„Sich endlich mal wieder um was anderes kümmern“

■ Schwerstabhängigen wie Michael könnte der Modellversuch zur kontrollierten Heroinabgabe helfen

Ganz langsam rührt Michael* in seinem Apfelquark. Manchmal hebt er den Kopf und schaut zu Jürgen rüber, einem schmalen Typ mit eingefallenem Gesicht. Jürgen redet und hört gar nicht mehr auf. „Das ist Scheiße, was du sagst“, fällt Michael ihm schließlich ins Wort, „das gilt höchstens für dich.“ Jürgen will wieder clean werden und hat gerade zum drittenmal erzählt, daß er das bereits 15 Jahre lang war. Michael ist seit mehr als zehn Jahren drauf und zweifelt daran, daß er den Absprung vom Heroin je schafft.

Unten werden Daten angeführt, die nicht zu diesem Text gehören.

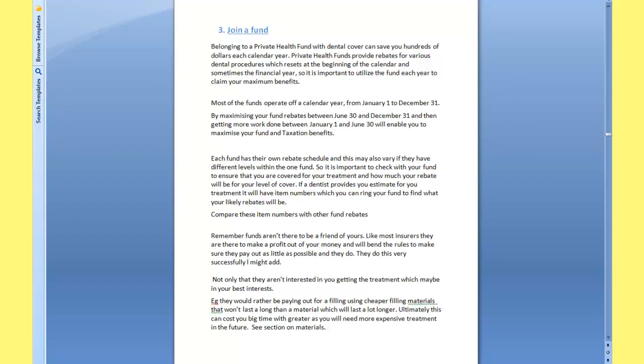Once you know this, you can work out the best way to manipulate the funds to maximize your rebates. Make sure that if you do need to have work done, you try and maximize the amount of fund rebates that you can get back by structuring your work to fit in and maximize those rebates.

Es ist Montag abend, kurz nach halb zehn. Michael und Jürgen sitzen mit zwei anderen Junkies an den hellen Ikea-Holztischen im Aufenthaltsraum der Krisenwohnung des Drogennotdienstes in der Prinzenallee, einer einzigartigen Einrichtung in Berlin. Hier landet, wer drogenabhängig und obdachlos ist – und wem es richtig beschissen geht. „Heroin, dazu Kokain und Pillen, das ist die gängige Kombination“, sagt Michaela, die hier arbeitet. Viele der Junkies haben Hepatitis und sind HIV-positiv, einige haben Knasterfahrung. 15 Leute können hier ihre Nächte verbringen und essen, duschen, waschen, maximal vier Wochen am Stück. Drogenkonsum in der Wohnung ist strikt untersagt, aber ständig im Gespräch. Auch das Modellprojekt zur kontrollierten Heroinabgabe ist Thema.

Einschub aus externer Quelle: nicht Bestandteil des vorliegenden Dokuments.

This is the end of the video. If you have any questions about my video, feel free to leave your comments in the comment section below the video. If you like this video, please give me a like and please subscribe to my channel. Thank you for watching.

Michael ist ein langer Typ mit roten Pickeln im Gesicht, vorn fehlen ihm drei Zähne. Seine fettigen blonden Haare hat er zum Pferdeschwanz zusammengebunden. Er ist 33 Jahre alt und nimmt seit mehr als zehn Jahren Heroin. Er könnte sich eine Teilnahme am Modellprojekt vorstellen. „Ich hab Angst, daß ich als Straßenpenner ende“, sagt er und fischt einen Nagelknipser aus seiner Lederhose. „Ich habe alles verkauft, lebe asozial, es gibt keine Struktur, keinen Rückhalt, und plötzlich kannst du noch nicht mal mehr pissen.“ Seine letzte Wohnung hat Michael 1990 gehabt, „mal kurzfristig“.

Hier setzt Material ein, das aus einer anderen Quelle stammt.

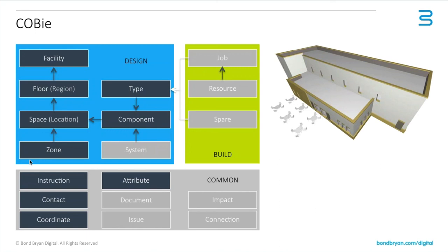So as you can see, in our particular example, the dark grey boxes are the bits we've included in this particular example file. So reasonable amount, we didn't include systems, but you can do systems within ARCHICAD as well.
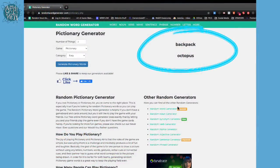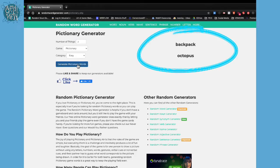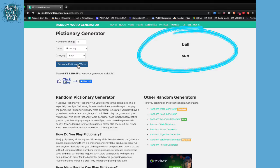I'll show you what that looks like — here is the word generator. It's going to come up with two words. Like here, it just came up with 'backpack octopus.' If I press this button it comes up with: moon, socks, key, square, bell, sun, grapes, apple. As you can see, these are really interesting combinations of words.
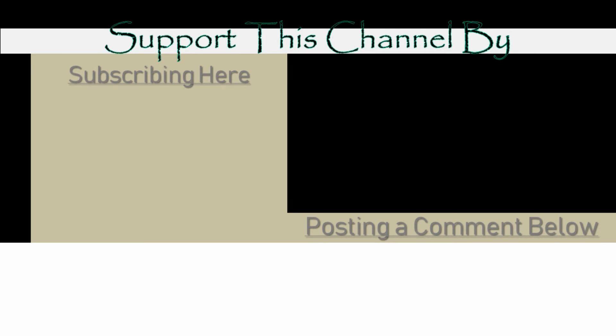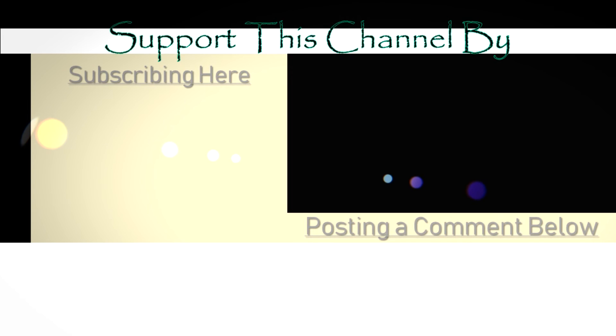I hope you enjoyed this video. You can support this channel by either subscribing or by posting a comment below. Well, I guess you could do both too.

„Aber Heroinabgabe, für mich wär das nichts“, fällt Jürgen ein. „Ich werd' in drei Monaten 40, für mich ist es zwei vor zwölf.“ Jürgen hat sich „mit 16 oder 17“ seinen ersten Schuß gesetzt, mit 20 eine Therapie gemacht. Danach hat er als Erzieher gearbeitet, hat mit seiner Freundin zwei Kinder bekommen. Als diese vor drei Jahren starb – „an Leukämie, das war keine Junkiebraut“ –, wollte er „nur noch einmal breit sein“. Danach war er wieder drauf, „und zwar ganz exzessiv“. Jürgen steht auf. „Ich hol' mir noch einen Kakao, wollt ihr auch was?“ Michael will, sonst herrscht Schweigen im Aufenthaltsraum.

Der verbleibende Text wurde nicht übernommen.